Dr Rhiannon Firth gave a wonderful paper during the seminar event below about anarchy and mutual aid, drawing from work on disaster capitalism. As a child who grew up in the shadow of the Hillsborough Soccer tragedy she looks at disasters from the perspective of the aftermath and the long tail of recovery. And according to the residents of the Japanese island of Okinawa - the world's longest-living people - finding it is the key to a longer and more fulfilled life.After Lucy Easthope lost her first baby to a miscarriage, she kept everything, from the pregnancy test and her first scan to the hospital appointment slips, in a brightly coloured shoebox. It was such an eye opening read and at times incredibly frustrating, when you could see that there was a better way of doing something but that those with the authority to make changes refused to listen. Her husband at one point experienced a medical emergency, and Easthope talks about how in hospital she was convinced her husband had died. I feel relieved that there are people like Easthope out there, thinking of worst-case scenarios, advising people who might be in great emotional turmoil. The availability of DNA testing has resulted in greater efforts to recover even the tiniest of body parts.

As Easthope chronicles her own journey, we start to witness how the British government has gradually changed in its approach. But this doesn’t fully explain her motivations, or the makeup of an individual who sees the “beauty of [human] decomposition and the way that we break down into our constituent chemicals and minerals”. I loved that alongside the narrative were the family events and the angst and suffering that the family experienced over time. Waking up 117 years later, Bob discovers his mind has been uploaded into a sentient space probe with the ability to replicate itself. These are historic events we all think we know but in this moving memoir Lucy lifts the curtain and reveals what really happens.

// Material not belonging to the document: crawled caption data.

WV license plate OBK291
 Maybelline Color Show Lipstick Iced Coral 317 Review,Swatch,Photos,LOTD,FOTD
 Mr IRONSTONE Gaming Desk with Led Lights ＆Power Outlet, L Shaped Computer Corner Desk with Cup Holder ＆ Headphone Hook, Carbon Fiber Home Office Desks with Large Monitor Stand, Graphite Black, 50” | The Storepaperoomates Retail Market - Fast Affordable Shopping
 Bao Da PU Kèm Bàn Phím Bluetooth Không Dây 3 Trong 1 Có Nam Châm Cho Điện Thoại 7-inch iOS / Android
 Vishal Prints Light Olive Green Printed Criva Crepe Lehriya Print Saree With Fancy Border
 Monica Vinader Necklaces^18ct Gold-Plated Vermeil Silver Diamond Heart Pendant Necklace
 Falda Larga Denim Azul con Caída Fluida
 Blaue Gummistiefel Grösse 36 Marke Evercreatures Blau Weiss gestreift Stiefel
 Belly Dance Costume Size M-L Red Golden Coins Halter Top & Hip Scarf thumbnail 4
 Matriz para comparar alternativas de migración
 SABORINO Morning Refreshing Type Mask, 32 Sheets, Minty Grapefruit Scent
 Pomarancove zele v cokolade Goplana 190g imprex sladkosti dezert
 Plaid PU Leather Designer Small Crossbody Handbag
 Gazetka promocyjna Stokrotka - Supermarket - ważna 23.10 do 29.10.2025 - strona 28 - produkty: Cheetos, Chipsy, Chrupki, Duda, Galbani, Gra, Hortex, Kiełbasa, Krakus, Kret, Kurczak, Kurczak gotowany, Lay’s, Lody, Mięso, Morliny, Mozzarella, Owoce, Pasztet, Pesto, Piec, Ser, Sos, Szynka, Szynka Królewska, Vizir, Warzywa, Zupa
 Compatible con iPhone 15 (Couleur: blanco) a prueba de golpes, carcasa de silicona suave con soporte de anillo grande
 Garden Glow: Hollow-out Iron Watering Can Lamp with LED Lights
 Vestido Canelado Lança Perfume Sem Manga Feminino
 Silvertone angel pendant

Mum described it not as a book that she couldn't put down but one which she had to, repeatedly, to be able to finish it. Best-selling author Mark Manson brings his signature no-nonsense wisdom back to the subject he started his career covering: relationships. Through this memoir, she shows you the meticulous care required n her harrowing job, the logistical nightmares, the clean-up required and most importantly, the human costs and the long-lasting fallout.

The Tools is an extraordinary psychological model based on the proven methods of Hollywood's greatest psychotherapists. Find a balance between the negative stresses of a life in readiness and fear and the comfort of 'being prepared'. Dr Firth continues to state that other social forces are a threat to be controlled and criminalized. She stated that if mutual aid is discursively recast as ‘social capital’ then only sections of ‘civil society’ that are palatable to the state and which it can capitalize on and control are seen as acceptable.She challenges others to think differently about what comes next after tragic events, and how to plan for future ones. In When the Dust Settles we see how over the years the UK government becomes less invested in investing in disaster planning. Despite a number of pre-Covid planning exercises, “the guidance coming out of central government on how to ready for the dead of pandemic. I was taught early on about the beauty of decomposition and the way we break down into our constituent chemicals and minerals, so dead bodies, in whatever state, have never horrified me, although the stories they tell sometimes do ” — When the Dust Settles. But through self-discipline, mental toughness, and hard work, Goggins transformed himself from a depressed, overweight young man with no future into a US Armed Forces icon and one of the world's top endurance athletes.